Vücutta su eksikliği ile doku sıvısı artar. Bu, dokularda bulunan özel reseptörlerin tahriş olmasına yol açar - ozmoreseptörler. Onlardan gelen dürtüler, özel sinirler boyunca beyne su-tuz metabolizmasının düzenleme merkezine gönderilir. Oradan, heyecan beze gider iç salgı- özel bir hormon salgılayan hipofiz bezi, geciktirmek idrara çıkma. İdrarda su atılımını azaltmak, bozulan dengeyi geri kazandırır. Bu örnek, sinir ve sinir arasındaki etkileşimi açıkça göstermektedir. hümoral mekanizmalar fizyolojik fonksiyonların düzenlenmesi.

Madde ve enerji metabolizması, ara değişim kavramı. Enzimler.

Metabolizma (syn.: metabolizma) - vücuttaki hayati aktivitesini sağlayan tüm kimyasal dönüşümlerin toplamı. Metabolizmanın iki yönü vardır - vücudun kendisine özgü maddeleri sentezlediği asimilasyon ve organik maddelerin bölünmesinin (oksidasyonunun) meydana geldiği ve içerdikleri enerjinin serbest bırakıldığı disimilasyon.

Enerji değişimi. Bir kişinin oksidatif süreçlerin kimyasal enerjisini en karmaşık organik moleküllerin oluşumunun termal ve mekanik enerjisine dönüştürmesi tipiktir. Vücut, besin ve oksijen tüketerek bu maddeleri enerji elde etmek için kullanır ve bu enerjiyi daha sonra ısı şeklinde veya nesnelerin veya kendi vücudunun bölümlerinin mekanik hareketleri şeklinde çevreleyen alana bırakır.

enzimler (lat. fermentum - fermantasyon, fermantasyon başlangıcı) - karmaşık proteinler Biyolojik katalizör görevi gören, hücrelerde kimyasal reaksiyonları ve metabolizmayı hızlandıran hayvan ve bitki organizmaları.

Maddelerin vücuda alımını ve atılımını dikkate alarak genel (dış) metabolizmayı ayırt edin ve ara metabolizma , bu maddelerin vücuttaki dönüşümünü kapsar.

Proteinlerin, yağların, karbonhidratların, suyun, mineral tuzların metabolizması.

Ders kitabından:

Protein metabolizması- vücuttaki proteinlerin suya, karbondioksite, amonyağa parçalanması ve içerdikleri enerjinin salınması ile biten bir dizi kimyasal dönüşüm. Proteinler vücut tarafından kendini yenilemek ve yenilemek için kullanılır.

yeni dokular oluşturmak, enzimler, bir enerji kaynağıdır. 1 gr protein parçalandığında 4.1 kcal enerji açığa çıkar.
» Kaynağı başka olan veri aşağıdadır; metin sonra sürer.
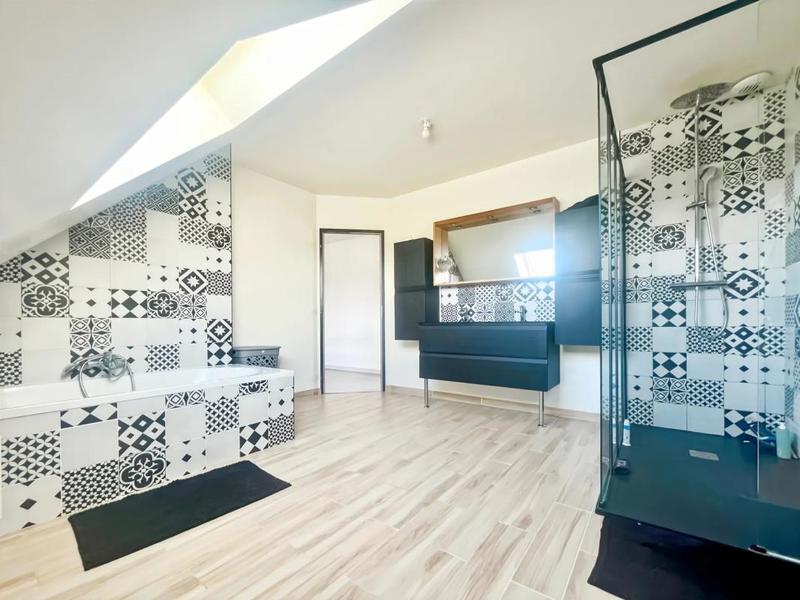 Maison - 150 m² - 7 pièces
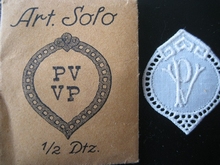 6 Monogrammen - P.V. - V.P.  29 x 24 mm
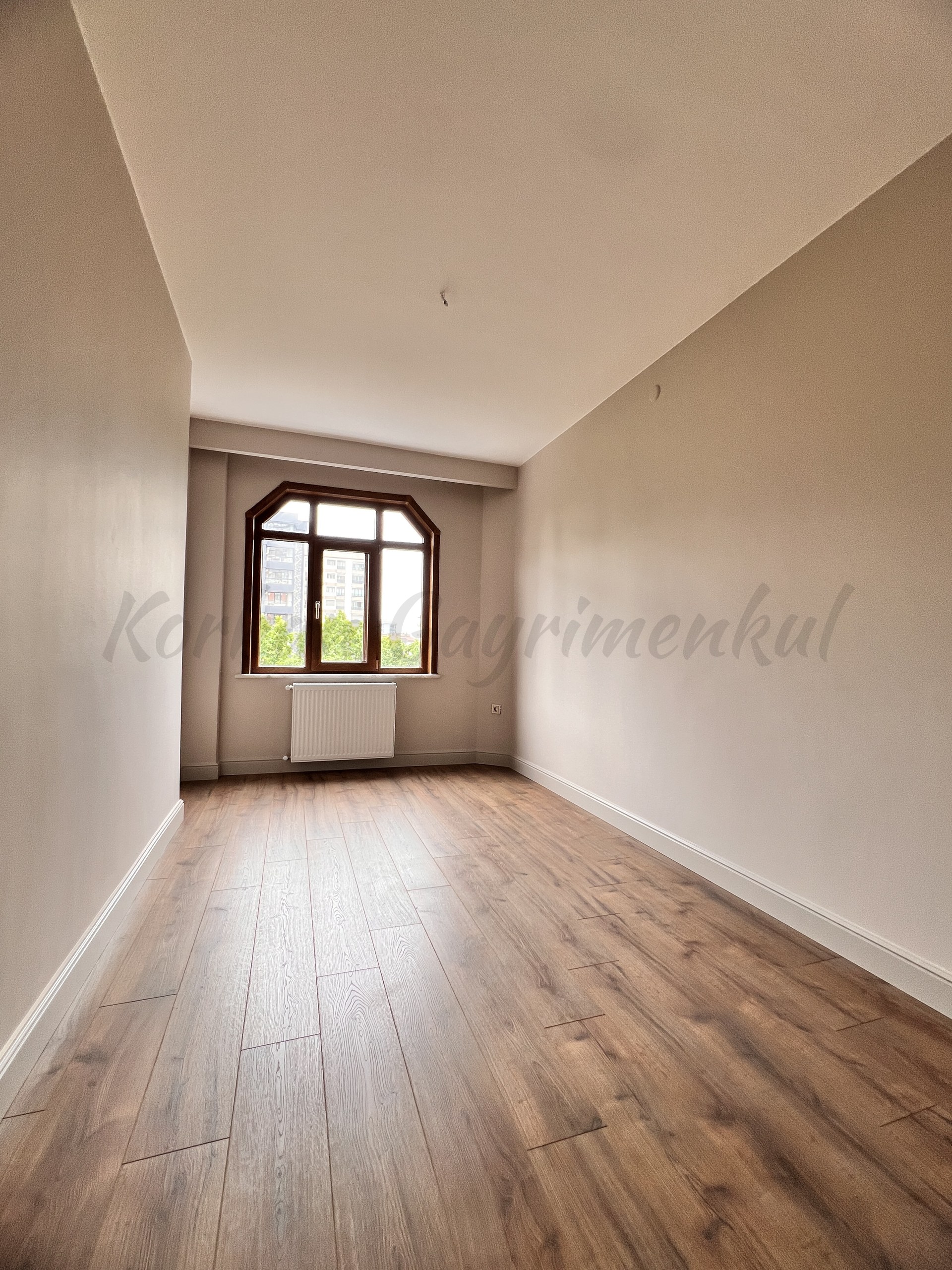 KOZYATAĞININ İKON SİTESİ IŞIKLAR 1 DE 170m2 NET 3+1 ÖZEL DEKORLU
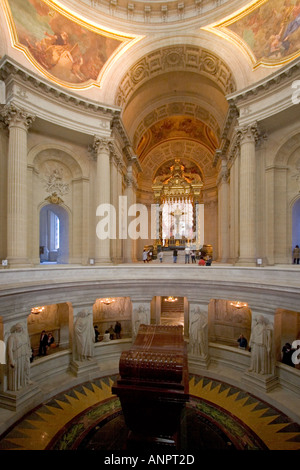 Das Grab von Napoleon Bonaparte in der Kirche von Les Invalides Paris Frankreich Stockfoto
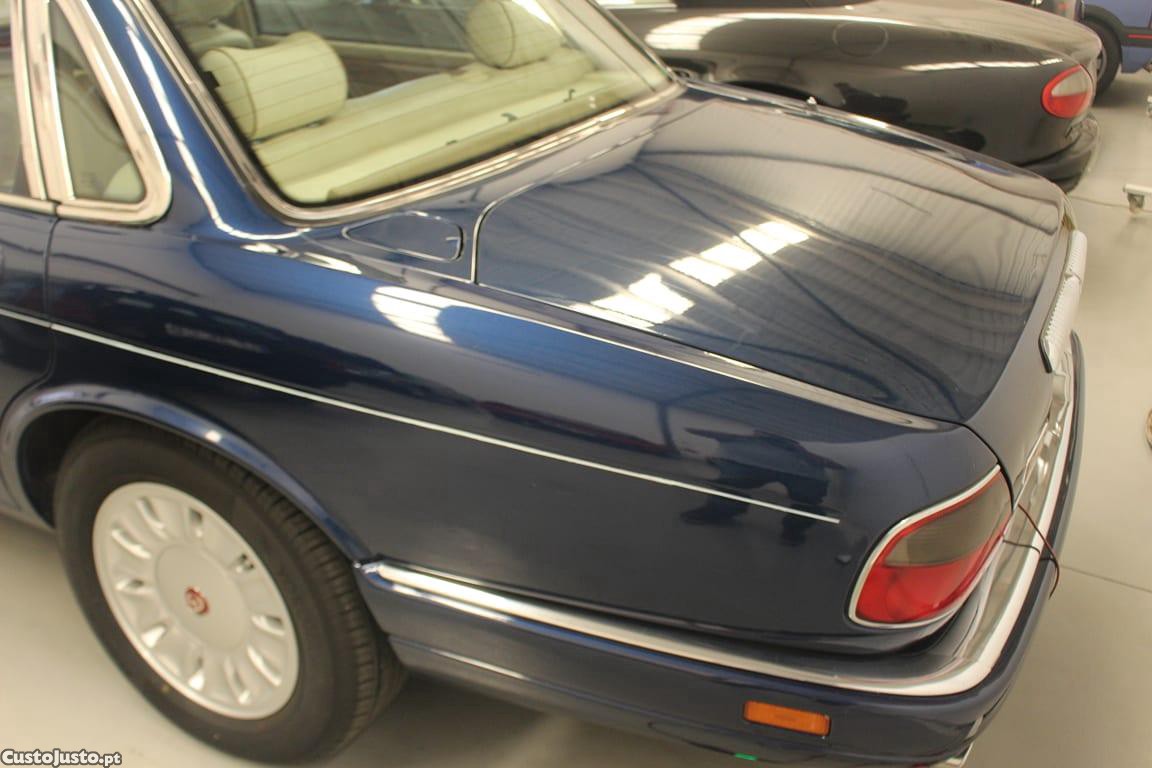  Daimler Six - 97 foto 2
Yağ metabolizması- vücuttaki yağların bir dizi kimyasal dönüşümü, parçalanmaları (su ve karbondioksite) ve enerji salınımı ile sona erer. Yağlar vücut tarafından yeni dokuları, enzimleri, hormonları yenilemek ve inşa etmek için kullanılır. vücut için gerekli enerji.



1 gr yağ parçalandığında 9.3 kcal enerji açığa çıkar.

Mineral tuzların değişimi- bir dizi tüketim süreci, vücutta mineral tuzların kullanımı ve bunların çevreye salınması. Mineral tuzlar vücutta ozmotik basıncı, kanın asit-baz dengesini (pH) korumak için kullanılır, enzimlerin, vitaminlerin, hormonların bir parçasıdır.

Karbonhidrat metabolizması- vücuttaki karbonhidratların bir dizi kimyasal dönüşümü, bunların parçalanması ve enerji salınımı ile sonuçlanır. Karbonhidratlar vücudun ana enerji kaynağıdır. 1 g karbonhidratı bölerken 4,1 kcal enerji açığa çıkar.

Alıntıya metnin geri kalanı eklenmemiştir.